2. Trend Over Time (2005-2023)
The trend over time also reveals some interesting insights. While it’s mostly subtle, it does appear that there’s a gradual upward trend in temperatures over the years. This could be significant for long-term energy planning, especially considering the broader context of climate change.
Both these deeper dives can offer valuable insights when it comes to predicting energy consumption. Understanding the seasonality can help in short-term forecasting, while understanding the trend is useful for long-term planning.
Analysis of the error between the forecasts and weather observations
# Load the actual weather observations data again, just to make sure we have it
actual_data_path = 'C:/Users/madsh/OneDrive/Dokumenter/kandidat/Fællesmappe/Speciale/Data/Forbrug og Vejr Data.csv'
actual_data = pd.read_csv(actual_data_path, parse_dates=['HourDK'])
# Rename the 'HourDK' column to 'valid_time' for consistency
actual_data.rename(columns={'HourDK': 'valid_time'}, inplace=True)
# Convert 'valid_time' to datetime format and set it as the index
actual_data['valid_time'] = pd.to_datetime(actual_data['valid_time'])
actual_data.set_index('valid_time', inplace=True)
# Resample the actual data to 6-hour intervals to match the forecast data
# We'll take the mean temperature over each 6-hour period
actual_data_6h = actual_data.resample('6H').mean()
# Load the combined forecast data
forecast_data_path = 'combined_forecasts_2005-2023.csv'
forecast_data = pd.read_csv(forecast_data_path, parse_dates=['valid_time'])
# Set 'valid_time' as the index for the forecast data
forecast_data.set_index('valid_time', inplace=True)
# Merge the forecast and actual observation data based on the 'valid_time' index
merged_data = pd.merge(left=forecast_data[['t2m', 'step']],
right=actual_data_6h[['temp_mean_past1h']],
left_index=True, right_index=True, how='inner')
# Calculate the errors for the three temperature variables
merged_data['error_mean'] = merged_data['t2m'] - merged_data['temp_mean_past1h']

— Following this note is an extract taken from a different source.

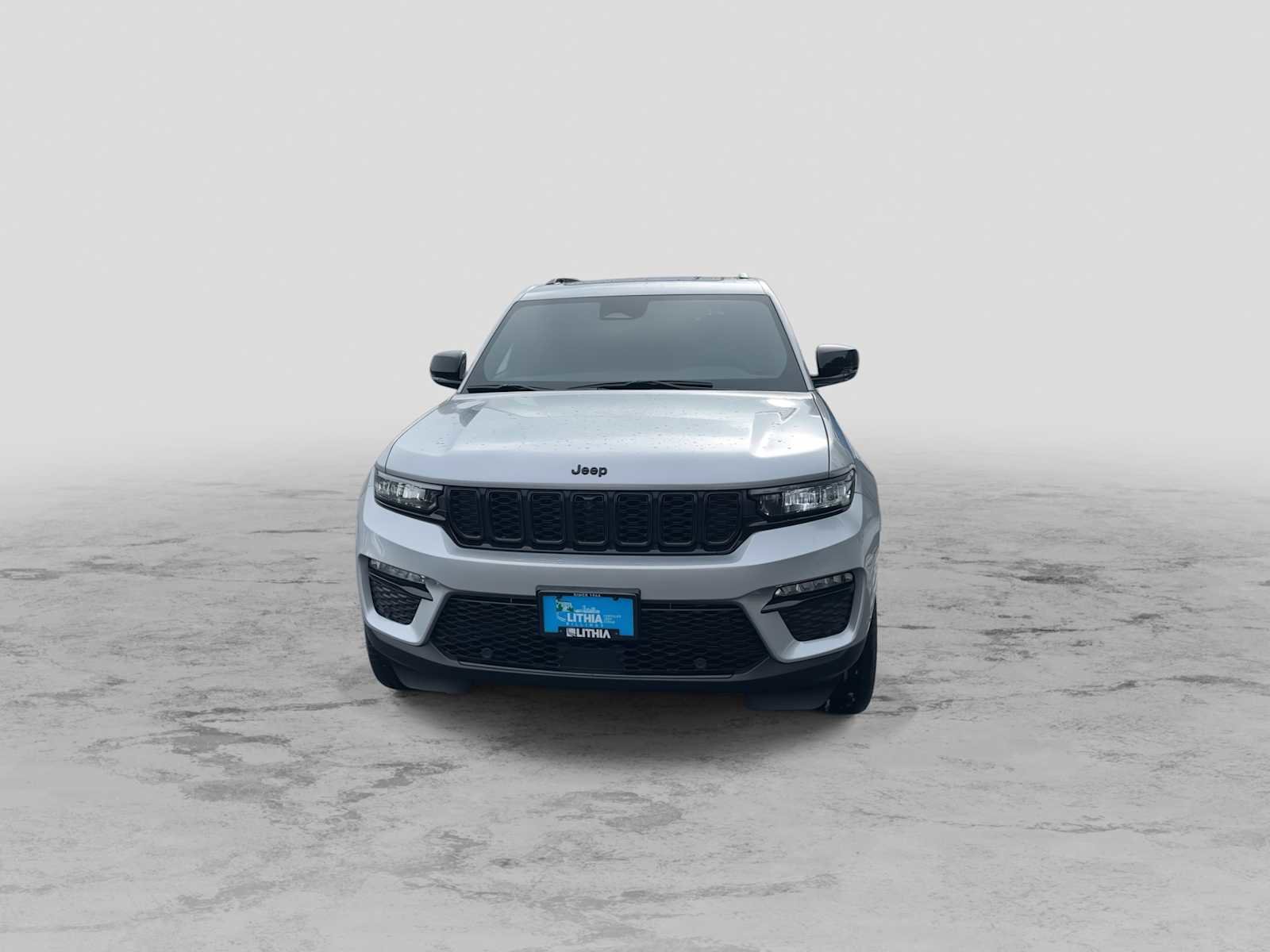 New 2025 Jeep Grand Cherokee Limited image 2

# Group the data by the 'step' variable and calculate the mean absolute error for each group
grouped_by_step = merged_data.groupby('step').agg({
'error_mean': lambda x: abs(x).mean(),
}).reset_index()
# Display the first few rows of the error statistics grouped by 'step'
grouped_by_step
| step | error_mean | |
|---|---|---|
| 0 | 0 days 06:00:00 | 1.373046 |
| 1 | 0 days 12:00:00 | 1.563647 |
| 2 | 0 days 18:00:00 | 1.512019 |
| 3 | 1 days 00:00:00 | 1.517341 |
| 4 | 1 days 06:00:00 | 1.409601 |
| ... | ... | ... |
| 730 | 98 days 18:00:00 | 1.956016 |
| 731 | 99 days 00:00:00 | 1.869153 |
| 732 | 99 days 06:00:00 | 1.624770 |
| 733 | 99 days 12:00:00 | 1.973686 |
| 734 | 99 days 18:00:00 | 2.043670 |
735 rows × 2 columns
Key Insights:
-
Increasing Step Length: As the ‘step’ variable increases, the error in the forecast also seems to increase slightly. This is consistent with your observation that the larger the step length, the greater the error in temperature forecasts.
-
Implications for Energy Forecasting: Since temperature is often a significant variable for energy consumption models, the increasing error in temperature forecasts over longer steps may translate to less accurate energy consumption forecasts. This is particularly important for long-term forecasts where step length could be quite large.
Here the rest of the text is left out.